Forged in Sheffield; Global Soundtracks; Sound Laboratory; Song-Makers – four headings you see a lot of looking at what is on offer in the new University of Sheffield Concert Season at Firth Hall!
It has certainly been planned with considerable imagination, all the concerts/ events in it falling under one of the headings with two notable exceptions.
One is a screening of a 1928 silent film classic La Passion de Jeanne d’Arc (22nd November) with a live soundtrack provided by the renowned Orlando Consort performing French vocal music from the 15th century.
The other enticing prospect is A Child’s Christmas in Wales (twice, 18th December), the anecdotal prose poem by Dylan Thomas delivered by Gruffudd Glyn, seen in such films as he Theory of Everything, with appropriate seasonal music arranged for and played by the Ligeti Quartet.
Musing on the categorised concerts in the season up to the end of 2016, the ‘Sound Laboratory’ series, ostensibly concentrating on contemporary music, features much Messiaen.
Proceedings can be said to have got off to a stuttering start on the 21st of September with the composer’s Catalogue d’Oiseaux in a presentation involving visuals and an ornithologist.
Two Global Soundtrack concerts this month (October) and the season begins in earnest on the 1st of November with Messiaen’s Vingt Regards sur l’Enfant-Jésus from the highly rated young pianist Cordelia Williams who has made a speciality out of playing it.
Here, the 20 ‘contemplations’ are each preceded or followed by words mirroring them written by poet Michael Symmons Roberts who recites them.
A third Messiaen keyboard cycle (9th December), La Nativité du Seigneur, is performed at Sheffield Cathedral by the cathedral’s acting director of music Joshua Hales as part of the season.
The Ligeti Quartet (15th November) is in slightly more contemporaneous mode with a programme of Kurtág, Webern, Ligeti, Stravinsky and Bartók (Fifth Quartet), plus a new work by Elliot Galvin.

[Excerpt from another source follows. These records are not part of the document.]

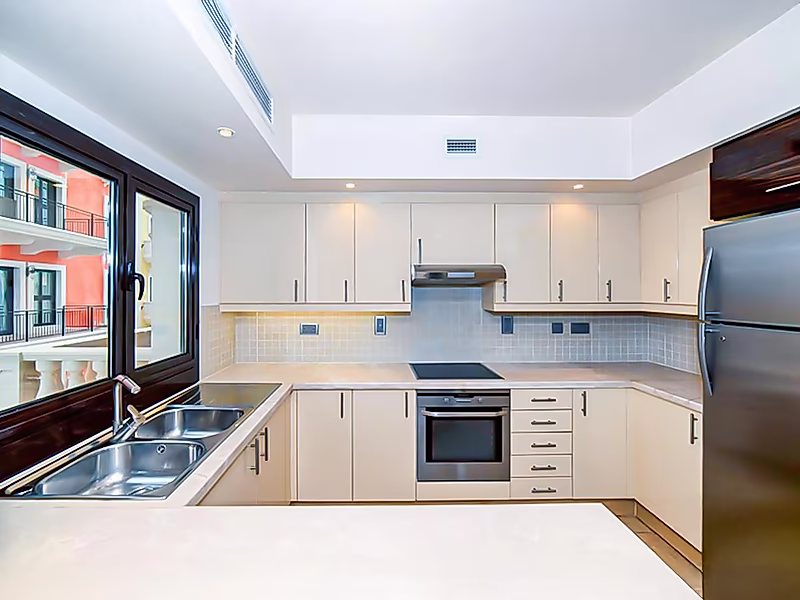 STUNNING 3BR FOR SALE WITH TITLE DEED | SEA VIEWS - Photo 10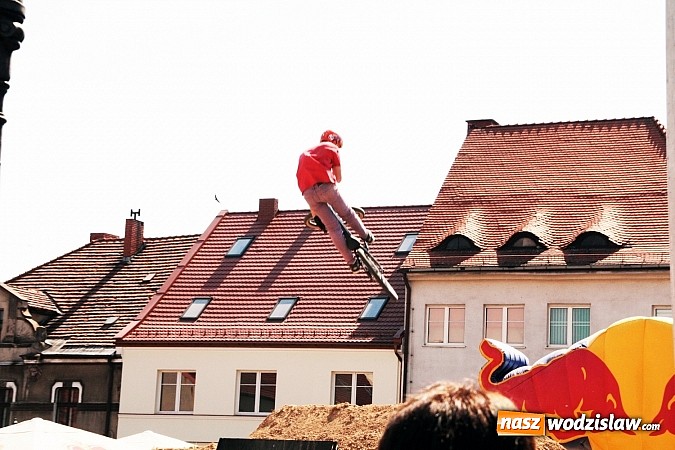 Zdjęcie w galerii na portalu naszwodzislaw.com: Niesamowite sportowe emocje zagościły na wodzisławski rynek wiadomości z regionu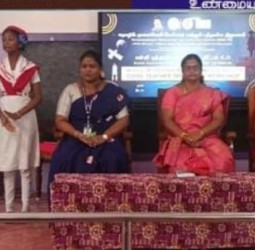 மாவட்ட சுற்றுச்சூழல் ஒருங்கிணைப்பாளர் மூர்த்தி, பயிற்சியாளர் புவனா ஆகியோர் ஆசிரியர்களுக்கு பயிற்சி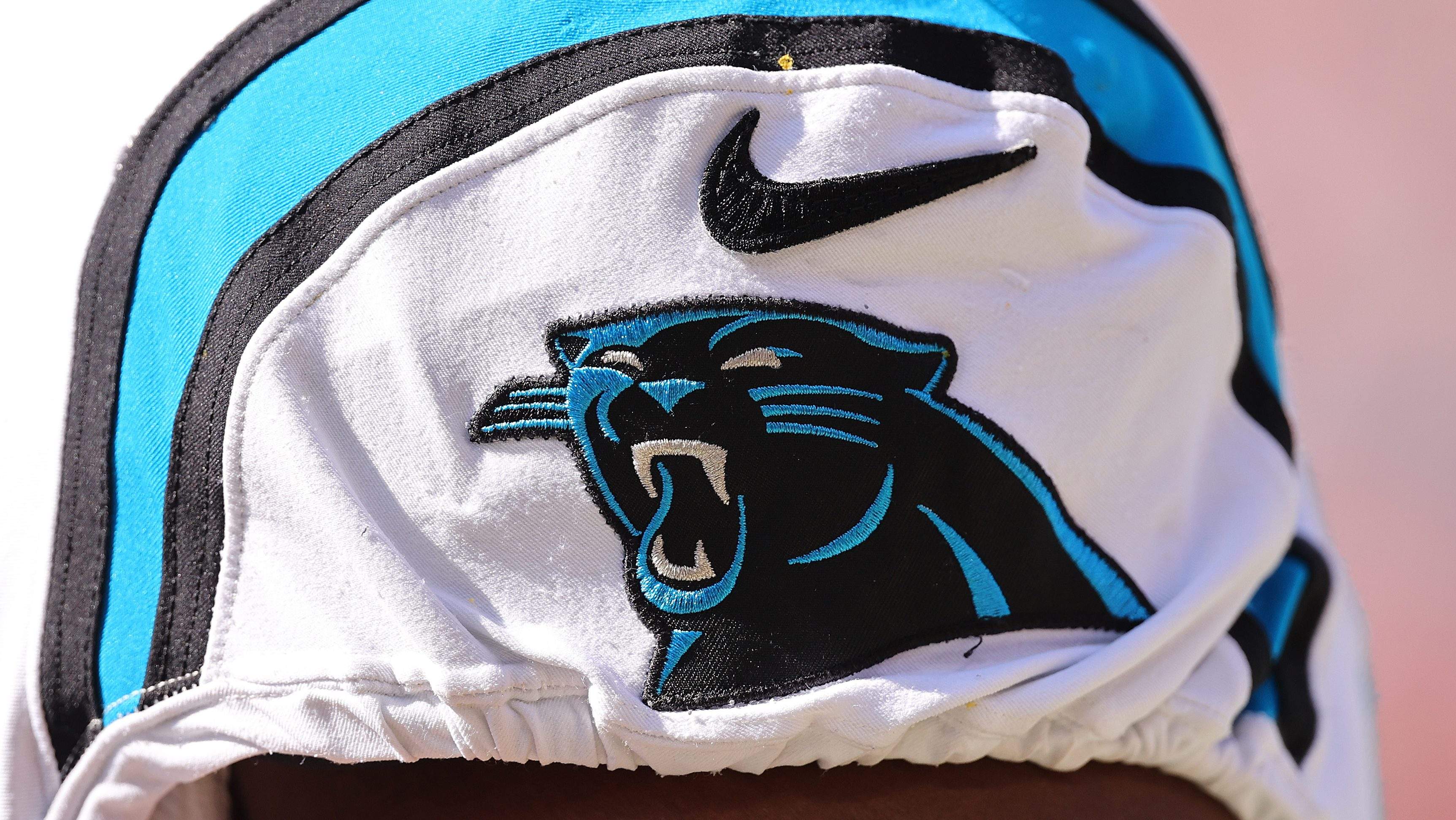 Panthers Make Roster Move Involving Former Dolphins Starting LB After Bears Loss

A Sound Junction weekend featuring new electroacoustic works (25th –27th November) is definitely in contemporary realms, as should be a New Music Ensemble concert (29th November) with Peter Maxwell Davies remembered following his death in March.
‘Global Soundtracks’ focuses on world/ folk music with evenings featuring Kathryn Tickell (18th October), Kefaya (25th October), Karine Polwart (5th November), Chango Spasiuk (10th November), Sarah Jarosz (18th November) and Martin Simpson (13th December).
Back on home territory, ‘Forged in Sheffield’ puts the spotlight on concerts given by the Department of Music’s excellent in-house ensembles and orchestras, the first to appear being the award-winning University Wind Orchestra (4th December).
The Symphony Orchestra strikes up with Borodin, Holst and Stravinsky (11th December) and, in between (6th December), there is an evening of Alan Jay Lerner songs written with composers other than Frederick Loewe, courtesy of Dominic McHugh and Matthew Malone – who else?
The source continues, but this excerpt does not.